Re: [PATCH RFC tip/core/rcu 0/5] Expedited grace periods encouraging normal ones

From: Paul E. McKenney
Date: Wed Jul 01 2015 - 10:00:53 EST


On Wed, Jul 01, 2015 at 12:55:11PM +0200, Peter Zijlstra wrote:
> On Wed, Jul 01, 2015 at 12:09:39PM +0200, Peter Zijlstra wrote:
> > On Tue, Jun 30, 2015 at 04:46:33PM -0700, josh@xxxxxxxxxxxxxxxx wrote:
> > > Consider it a fairly weak concern against. Increasing performance seems
> > > like a good thing in general; I just don't relish the future "feels less
> > > responsive" bug reports that take a long time to track down and turn out
> > > to be "this completely unrelated driver was loaded and started using
> > > expedited grace periods".
> >
> > random drivers, or for that matter, new-code of any sort. Should _NOT_
> > be using expedited grace periods.
> >
> > They're a horrid hack only suitable for unfixable ABI.
>
> Let me repeat, just in case I've not been clear. Expedited grace periods
> are _BAD_ and should be avoided at all costs.

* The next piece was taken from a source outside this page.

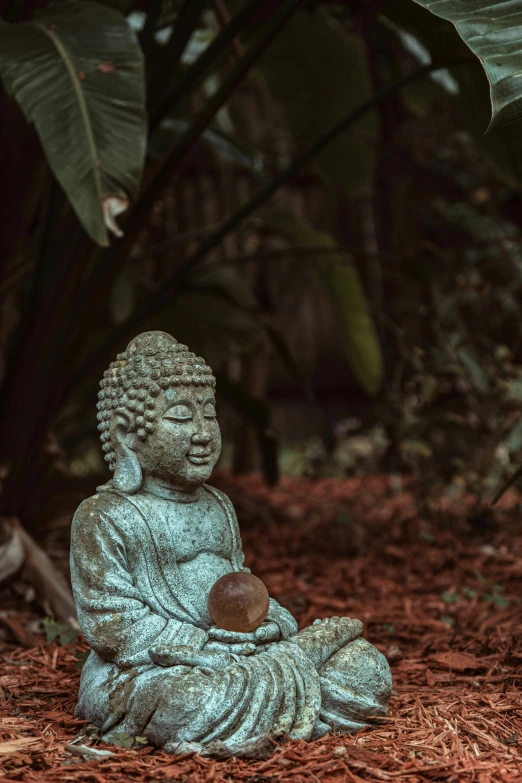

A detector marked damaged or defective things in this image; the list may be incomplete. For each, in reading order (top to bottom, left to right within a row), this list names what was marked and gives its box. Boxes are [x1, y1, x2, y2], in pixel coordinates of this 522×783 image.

rusty brown sphere [208, 572, 270, 632]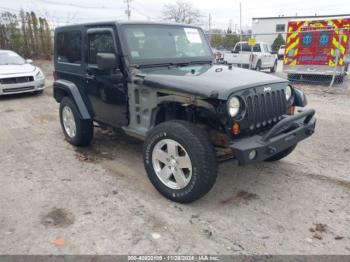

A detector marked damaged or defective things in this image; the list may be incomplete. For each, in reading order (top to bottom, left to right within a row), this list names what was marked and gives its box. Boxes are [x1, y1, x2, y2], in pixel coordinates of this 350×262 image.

damaged bumper [231, 109, 316, 165]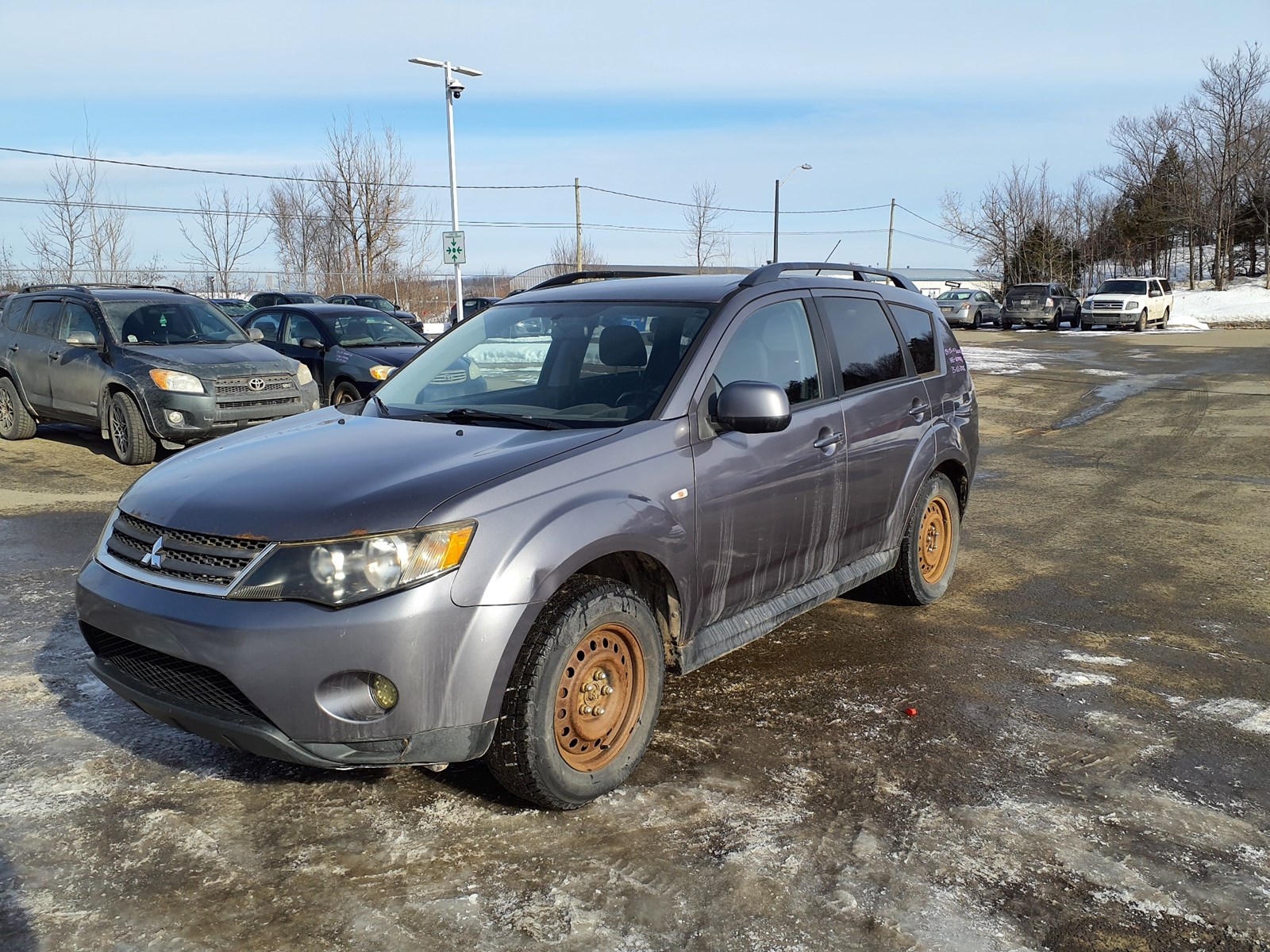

That is a bit extreme, Peter.

There should not be a problem using them for operations that are not done
while the system is running the main workload. Which is why I am OK with
synchronize_net() using synchronize_rcu_expedited() when RTNL is held.
The operations that do that are setup/configuration operations that you
won't normally be doing while your HPC or realtime workload is running.

I believe that many of the other uses are similar.

> They perturb the _entire_ machine.

The portion of the machine that is non-idle and not executing in nohz_full
userspace, that is. So nohz_full usermode execution is unperturbed by
expedited grace periods.

In addition, synchronize_srcu_expedited() does -not- perturb anything
other than the task actually executing synchronize_srcu_expedited().
So those read-side memory barriers are gaining you something, and there
should not be much need to push back on synchronize_srcu_expedited().

> Yes we can polish the turd, but in the end its still a turd.

And I intend to polish it even more. ;-)

> Sadly people seem to have taken a liking to them, ooh a make RCU go
> faster button. And there's not been much if any pushback on people using
> it.

There aren't all that many uses, so I don't believe that
people are abusing it that much. There are only four non-RCU
uses of synchronize_rcu_expedited() and only two non-RCU uses of
synchronize_sched_expedited(). In contrast, there are a couple hundred
uses of synchronize_rcu() and about 40 uses of synchronize_sched().

So I am not seeing much evidence of wanton use of either
synchronize_srcu() or synchronize_sched().

Are a huge pile of them coming in this merge window or something?
What raised your concerns on this issue?